Maybe it’s to do with the cosmopolitan hi-falutin’ city lifestyle I was enjoying at the time, but the late 1990s seem to be a time of endless balsamic vinegar drizzles, piles of badly cooked polenta, and Gary Rhodes’ unbeatable bread and butter pudding. And if you got tired of dining out on expense accounts you could bring the experience home by hosting a dinner party: simply invite your most tolerable acquaintances over, pray they bring a bottle of something decent, and curate an evening’s listening from the most inoffensive new albums in your carousel.

But what to select to impress in 1998? Something cool, yet sophisticated, of course. Something recognisable, but not too populist. A year later and you could walk any given North London street and expect to hear the sounds of Moby’s Play doing for Alan Lomax’s field recordings what Paul Simon had done for African musicians, but back in 1998 your go-to artists could have been French duo Nicolas Godin and Jean-Benoît Dunckel, otherwise known as Air.

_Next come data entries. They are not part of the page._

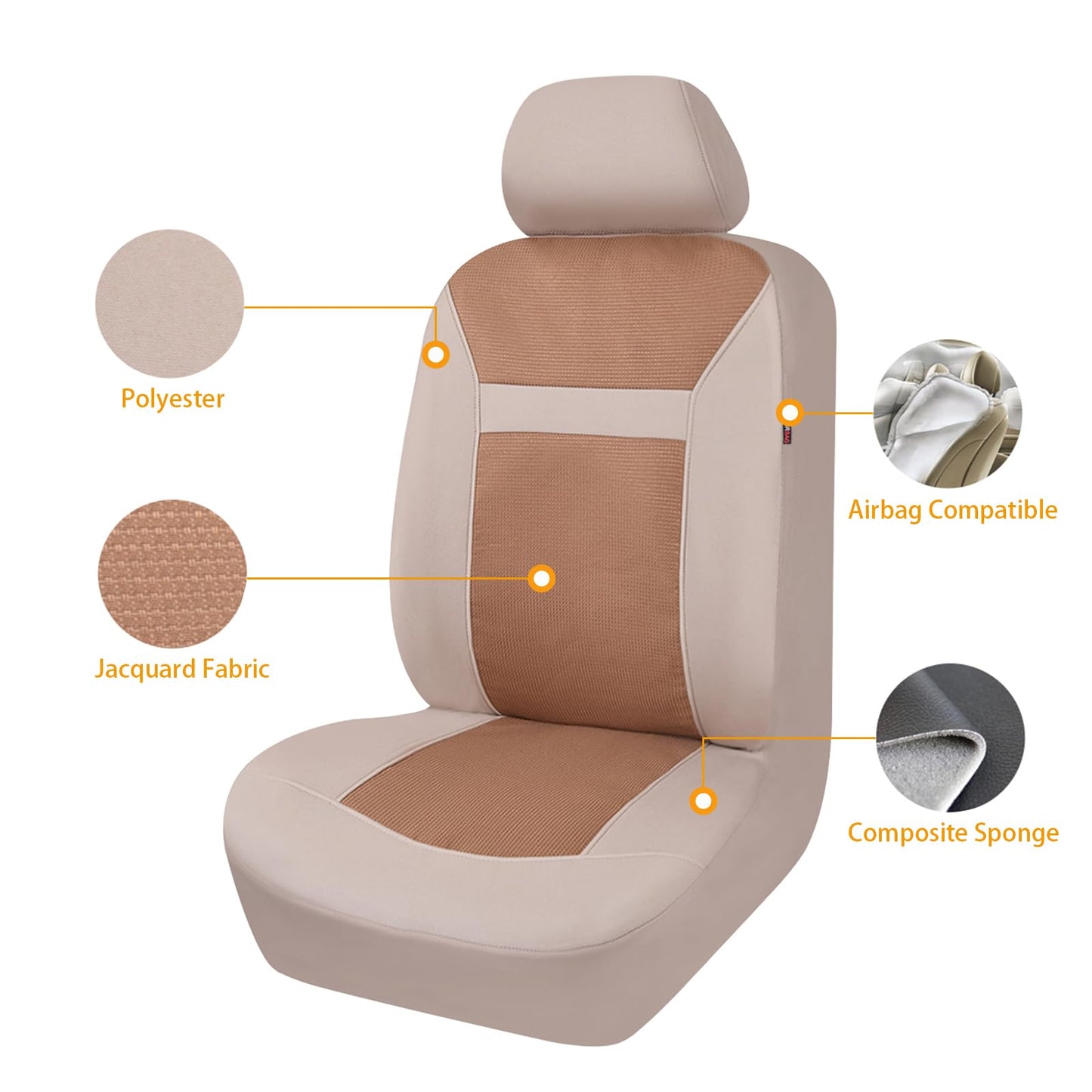Flying Banner Car Seat Covers Full Set Universal fit Most Car,Truck,SUV and Van Comfortable Airbag Compatible Jacquard & Polyester (Beige Beige, Full Set - Low Back)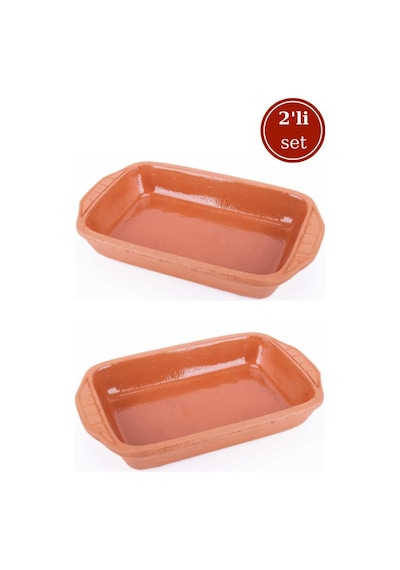 Elizi Çömlekleri 2 Li Dikdörtgen Sırlı Fırın Tepsisi, Toprak Güveç Fırın Kabı Seti Sırlı 25x15cm Toprak
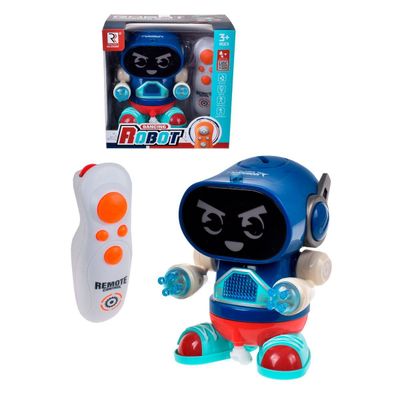 ROBOT RADIO CONTROLADO 15 CM CON LUCES MOVIMIENTO Y MUSICA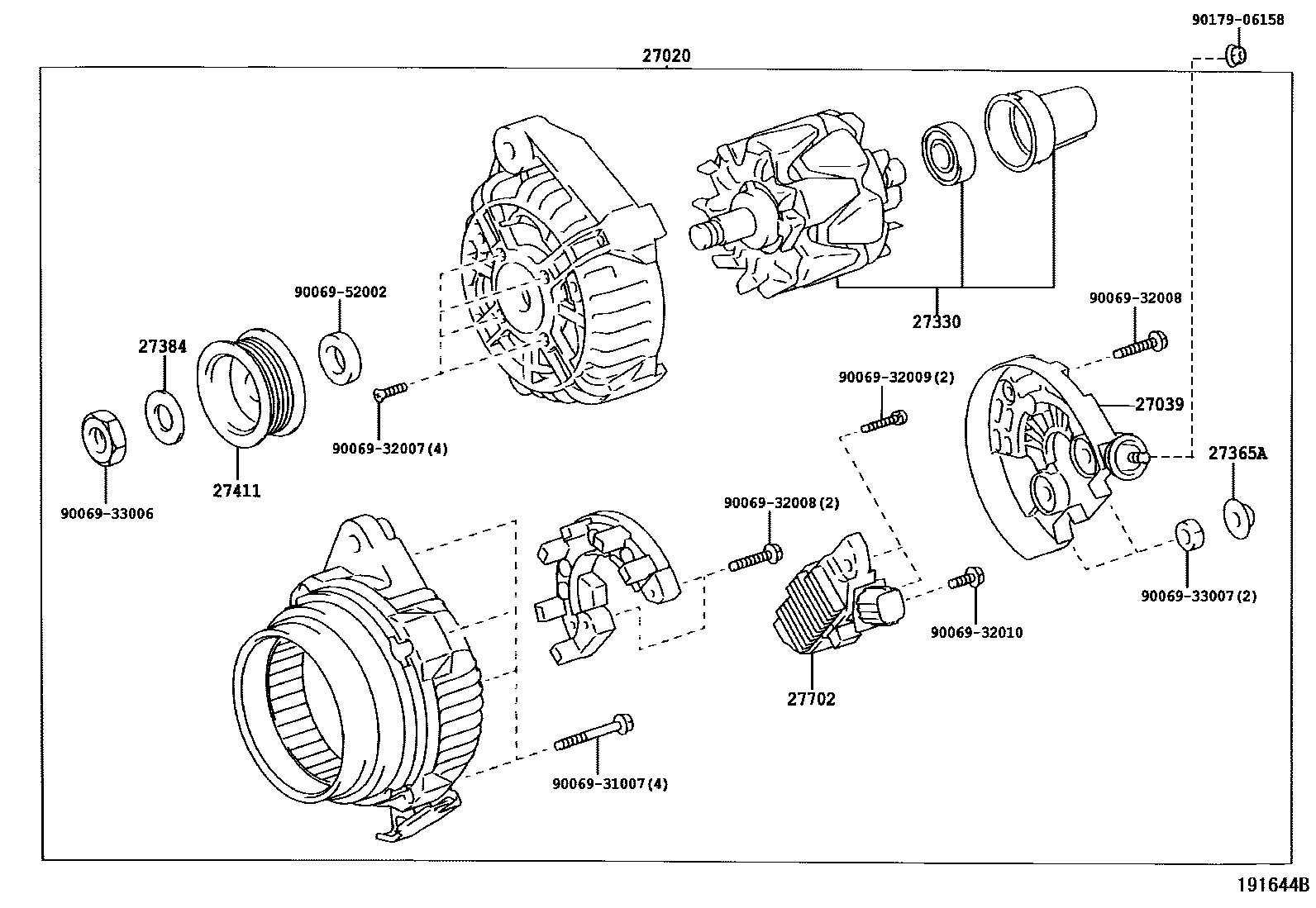 Toyota CAMRY Alternator EPC diagram — 191644B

In 1997, Air released their debut EP Premiers Symptômes. A year later they followed it with Moon Safari, and for a brief while there was nothing cooler than this electronic space-pop. It was at once mystical and European, the way Kraftwerk appeared to be, but also universal - not to mention Universal. Predating and probably partly responsible for the subsequent chill-out years of the new millennium, Moon Safari brought insouciance and exuded a kind of coolness that it somehow drew from a sonic template that would normally be enjoyed with a knowing arch of the eyebrows. It features a song called Sexy Boy that ought to be laughable, but which is magnificent.

The first track on Moon Safari, though, is the seven-minute instrumental La Femme D’Argent. You can’t love me ironically, it seems to say, with its funky disco basslines and thoroughly un-modern synthesiser sounds, because I am already too ironic.